*** Opening The data ***

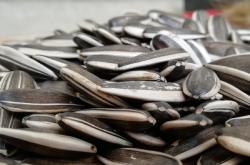 赤峰市黑臉瓜子廠家電話號(hào)碼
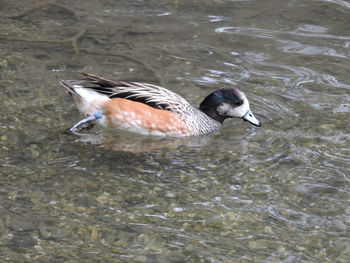 High angle view of duck swimming in lake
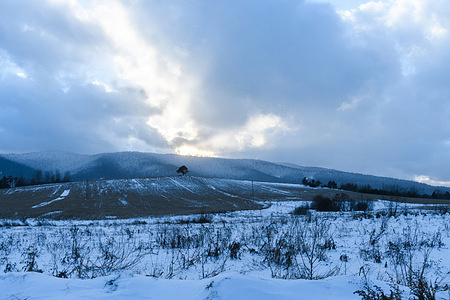 Lone evergreen tree standing on a snowy hill against a frost-covered forest background under a dramatic cloudy sky at Ukrainian carpathians. Winter landscape minimalism.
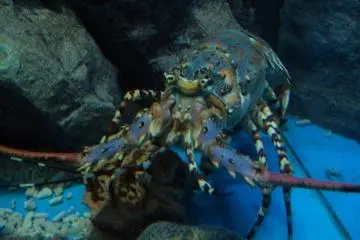 More friendly sea critters are around every turn,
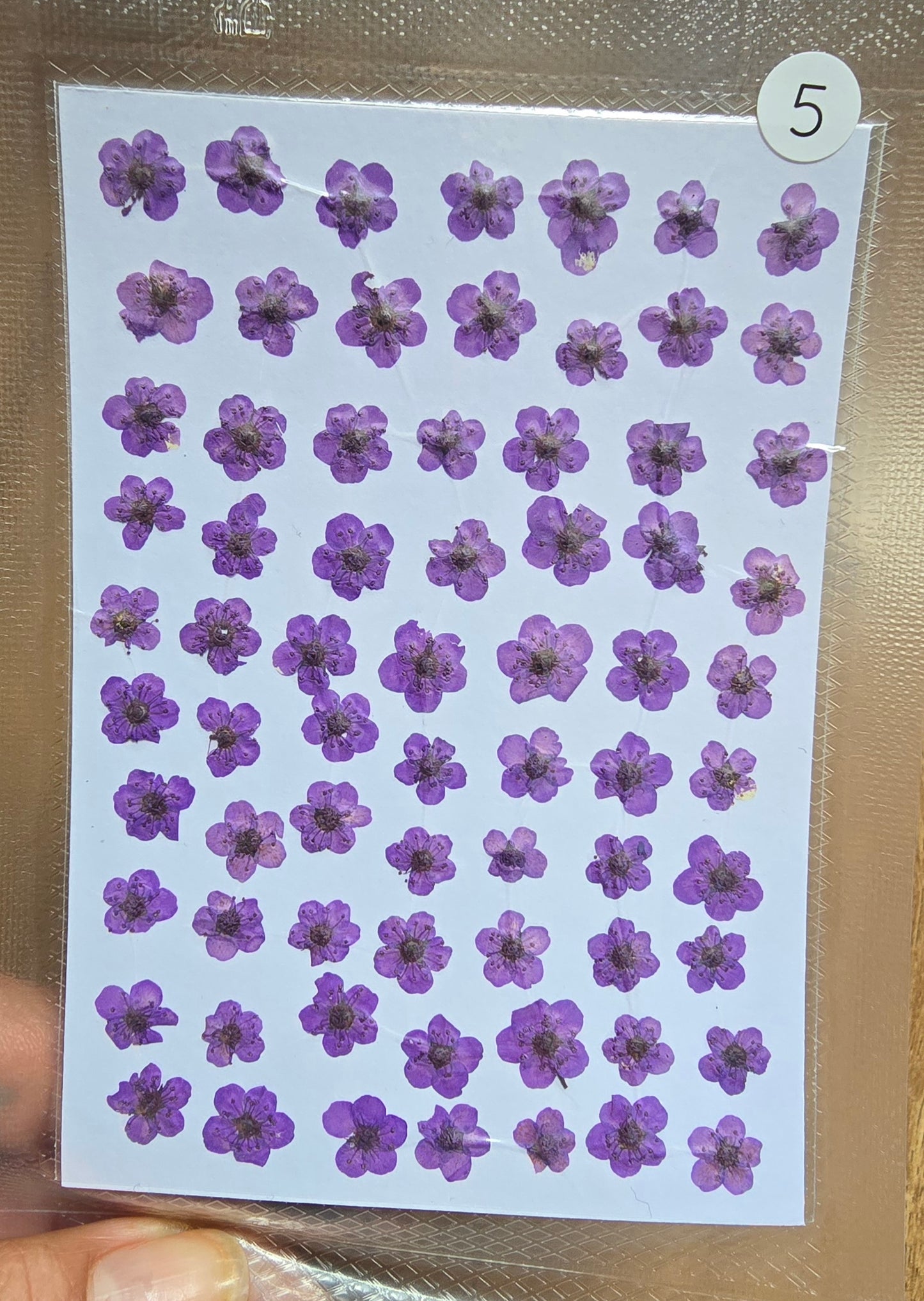 B GRADE cherry blossoms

*** Closing The data ***

◆ Try it
Across all the lines above, repeat the wording exactly and omit the pictures.

◆ Result
 赤峰市黑臉瓜子廠家電話號(hào)碼
 High angle view of duck swimming in lake
 Lone evergreen tree standing on a snowy hill against a frost-covered forest background under a dramatic cloudy sky at Ukrainian carpathians. Winter landscape minimalism.
 More friendly sea critters are around every turn,
 B GRADE cherry blossoms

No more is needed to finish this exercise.